Me acuerdo cuando me iba de los sitios (bares y pubs) y me iba porque no me gustaba su música y conmigo siempre arrastraba a los cuatro o diez amigos y amigas que de aquellas me rodeaban o que me aguantaban como mejor podían. Yo era el que decía si en éste sitio la música está bien o por lo menos si la pueden aguantar mis delicados y selectos oídos. De aquellos amigos no queda nada más que el polvo de aquellos extraños días y noches, quedan recuerdos en medio de confusas noches muy alcohólicas.

Y de aquellas madrugadas ¿para qué contaros?.

El sol salía más o menos por el mismo sitio.

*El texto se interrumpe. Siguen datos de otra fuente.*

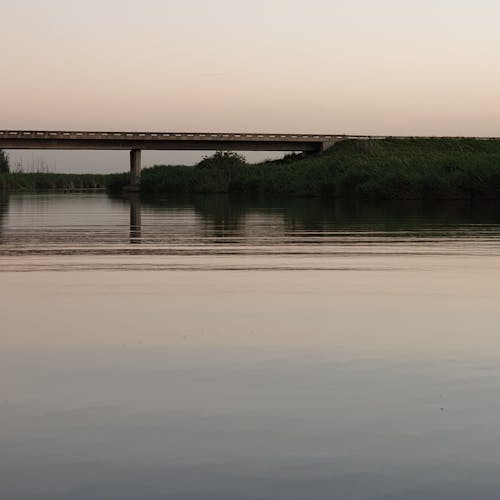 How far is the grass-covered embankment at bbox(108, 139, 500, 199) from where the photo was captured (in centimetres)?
8831

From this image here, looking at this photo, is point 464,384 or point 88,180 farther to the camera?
point 88,180

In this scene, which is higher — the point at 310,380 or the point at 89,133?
the point at 89,133

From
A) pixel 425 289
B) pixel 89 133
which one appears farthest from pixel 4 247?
pixel 89 133

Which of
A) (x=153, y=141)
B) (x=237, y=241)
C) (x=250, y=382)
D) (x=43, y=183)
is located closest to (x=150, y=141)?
(x=153, y=141)

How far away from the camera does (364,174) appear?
10006 centimetres

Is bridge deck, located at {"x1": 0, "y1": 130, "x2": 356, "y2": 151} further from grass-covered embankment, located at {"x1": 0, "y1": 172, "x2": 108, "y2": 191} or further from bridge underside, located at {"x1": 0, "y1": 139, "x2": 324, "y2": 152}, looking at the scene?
grass-covered embankment, located at {"x1": 0, "y1": 172, "x2": 108, "y2": 191}

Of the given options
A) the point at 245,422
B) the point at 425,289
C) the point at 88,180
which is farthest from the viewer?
the point at 88,180

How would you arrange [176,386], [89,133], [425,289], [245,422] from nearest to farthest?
[245,422] → [176,386] → [425,289] → [89,133]

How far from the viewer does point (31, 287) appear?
21.6m

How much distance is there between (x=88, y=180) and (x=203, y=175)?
2499 inches

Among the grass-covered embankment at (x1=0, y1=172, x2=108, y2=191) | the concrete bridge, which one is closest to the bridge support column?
the concrete bridge

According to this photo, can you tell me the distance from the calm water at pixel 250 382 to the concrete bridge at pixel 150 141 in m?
102

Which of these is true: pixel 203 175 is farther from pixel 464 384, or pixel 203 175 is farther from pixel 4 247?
pixel 464 384

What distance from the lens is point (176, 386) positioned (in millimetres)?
11648
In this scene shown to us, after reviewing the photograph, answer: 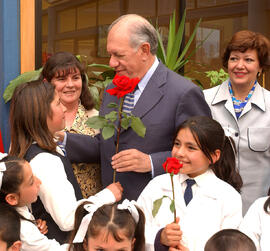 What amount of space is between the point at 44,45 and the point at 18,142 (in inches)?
86.9

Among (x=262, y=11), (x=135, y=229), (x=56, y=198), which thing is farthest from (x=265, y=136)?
(x=262, y=11)

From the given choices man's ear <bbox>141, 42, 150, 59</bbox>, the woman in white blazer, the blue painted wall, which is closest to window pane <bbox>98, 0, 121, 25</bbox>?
the blue painted wall

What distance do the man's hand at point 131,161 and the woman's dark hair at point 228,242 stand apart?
62 cm

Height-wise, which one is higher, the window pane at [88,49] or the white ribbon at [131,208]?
the window pane at [88,49]

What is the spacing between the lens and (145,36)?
9.25 ft

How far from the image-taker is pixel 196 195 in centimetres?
233

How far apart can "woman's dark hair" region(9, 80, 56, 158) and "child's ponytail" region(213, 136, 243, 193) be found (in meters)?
0.86

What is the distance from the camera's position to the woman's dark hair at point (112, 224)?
7.22 feet

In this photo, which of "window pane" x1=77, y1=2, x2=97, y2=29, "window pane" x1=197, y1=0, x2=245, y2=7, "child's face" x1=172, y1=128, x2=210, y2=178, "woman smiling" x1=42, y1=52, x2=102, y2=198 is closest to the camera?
"child's face" x1=172, y1=128, x2=210, y2=178

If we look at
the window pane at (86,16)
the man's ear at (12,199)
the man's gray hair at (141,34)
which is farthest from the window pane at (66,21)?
the man's ear at (12,199)

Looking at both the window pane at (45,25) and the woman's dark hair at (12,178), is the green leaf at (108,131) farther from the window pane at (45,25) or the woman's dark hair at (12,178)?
the window pane at (45,25)

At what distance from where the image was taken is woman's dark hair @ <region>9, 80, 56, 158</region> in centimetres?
240

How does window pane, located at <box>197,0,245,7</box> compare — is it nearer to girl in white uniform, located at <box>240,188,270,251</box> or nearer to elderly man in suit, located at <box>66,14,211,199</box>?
elderly man in suit, located at <box>66,14,211,199</box>

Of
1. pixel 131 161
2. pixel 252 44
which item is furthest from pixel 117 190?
pixel 252 44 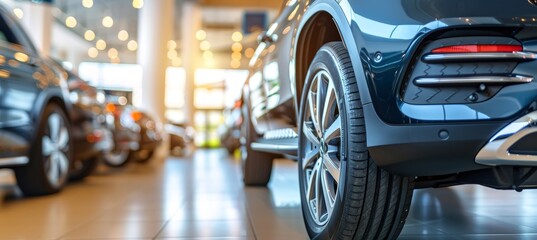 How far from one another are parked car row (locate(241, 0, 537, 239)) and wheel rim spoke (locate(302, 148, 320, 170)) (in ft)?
0.73

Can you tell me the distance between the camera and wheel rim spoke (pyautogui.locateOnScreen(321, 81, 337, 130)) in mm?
2307

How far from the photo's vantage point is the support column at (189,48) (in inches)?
866

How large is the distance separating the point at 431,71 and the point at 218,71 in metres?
34.8

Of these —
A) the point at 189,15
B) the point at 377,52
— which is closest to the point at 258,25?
the point at 189,15

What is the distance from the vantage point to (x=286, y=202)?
4.28 m

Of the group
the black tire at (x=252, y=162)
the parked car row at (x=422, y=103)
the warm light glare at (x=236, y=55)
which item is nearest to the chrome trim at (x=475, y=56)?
the parked car row at (x=422, y=103)

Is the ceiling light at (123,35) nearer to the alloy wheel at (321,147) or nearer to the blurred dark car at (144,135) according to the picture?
the blurred dark car at (144,135)

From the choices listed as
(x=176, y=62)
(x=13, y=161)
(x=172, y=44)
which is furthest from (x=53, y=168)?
(x=176, y=62)

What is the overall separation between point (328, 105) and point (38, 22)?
13553 mm

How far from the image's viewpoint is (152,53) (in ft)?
45.6

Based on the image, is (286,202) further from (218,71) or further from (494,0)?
(218,71)

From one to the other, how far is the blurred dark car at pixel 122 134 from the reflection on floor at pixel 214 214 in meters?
2.06

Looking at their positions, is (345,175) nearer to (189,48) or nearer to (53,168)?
(53,168)

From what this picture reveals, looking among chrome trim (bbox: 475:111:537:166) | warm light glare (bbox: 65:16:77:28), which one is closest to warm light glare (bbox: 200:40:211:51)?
warm light glare (bbox: 65:16:77:28)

La luz de la mañana cegaba aún más mis ojos de borracho y así y puesto hasta las cejas de todo y demás, te metías en el último garito que la noche te ofrecía con sus manos de cutrerío  (así es la noche más profunda, demasiado cutre y tétrica).

Y ya dentro del chiringuito aquello era bochornoso y penoso.

Sin darte cuenta, te habías convertido en un bicho todo borracho dando tumbos y tropezones y sobre todo, dando mucha pena. Pero tú seguías adelante y pensando que nadie se daba cuenta de tu lamentable estado. Al final y lógicamente, nadie te hacía caso y te miraban como si fueras una puta cucaracha (qué lo eras). Y señores ésta es la última canción se escuchaba por los altavoces y entonces es cuando te volvías a dar cuenta, de que la vida puede ser un campo de minas, pero puestas por ti y con plena conciencia de que eres una verdadera mierda.

La vida al día siguiente no era vida ni era nada. Era un puto arrepentimiento por tanto acúmulo culpabilidades y por tanta falta de dignidad.

La vida al día siguiente, era un trágame tierra y poco más. Todo el santo día tirado en la cama y con una jaqueca de mil pares de cojones y un remordimiento que me hacía sentir como las pirañas comían mi alma.